O documento foi enviado ao Senado em março de 2026 e integra o conjunto de informações analisadas pela comissão, que encerrou os trabalhos no dia 14 sem aprovação de relatório final. Os valores correspondem a descontos aplicados diretamente nos contracheques dos militares para pagamento dos empréstimos contratados.
Segundo o COAF, os recursos eram creditados inicialmente em conta do Banco Master no Itaú e rapidamente transferidos para outras contas da própria instituição. Esse fluxo financeiro chamou atenção dos técnicos pela curta permanência dos valores na conta de origem.
O relatório aponta que o padrão de movimentação pode indicar risco de baixa rastreabilidade. Em um dos trechos, o documento destaca “o recebimento de créditos com o imediato débito dos valores”, o que dificultaria o acompanhamento do destino final do dinheiro.

Outro ponto observado é a concentração dos recursos em uma mesma titularidade. De acordo com o COAF, essa dinâmica “faz com que não seja possível identificar se eventualmente existem outros beneficiários de valores”, limitando a transparência das operações.
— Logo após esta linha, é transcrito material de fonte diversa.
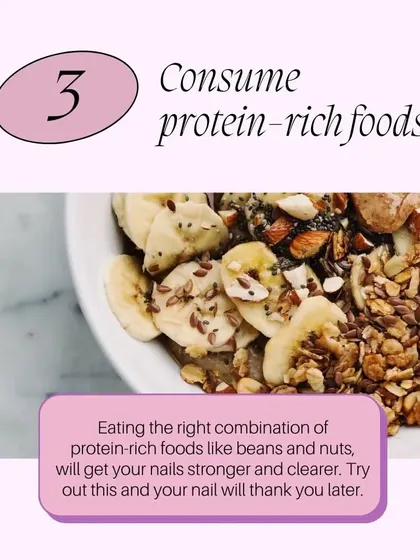 Did you know your diet affects your nail health? This tip explains that consuming protein-rich foods like beans and nuts can help you get stronger and clearer nails.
O Exército afirma que não houve prejuízo aos cofres públicos. Em nota, a instituição declarou que “os valores envolvidos são oriundos de rendimentos particulares dos militares para o pagamento de dívidas privadas”, reforçando que atua apenas como intermediária dos descontos.
O Banco Master foi credenciado em 2023 após processo de edital público e teve o contrato prorrogado até 2027 por aditivos. A Aeronáutica também firmou acordo semelhante com a instituição para oferta de crédito consignado a militares e pensionistas.
Após a liquidação extrajudicial do banco pelo Banco Central em novembro de 2025, o Exército rescindiu o contrato de forma unilateral e encerrou as operações com a instituição financeira.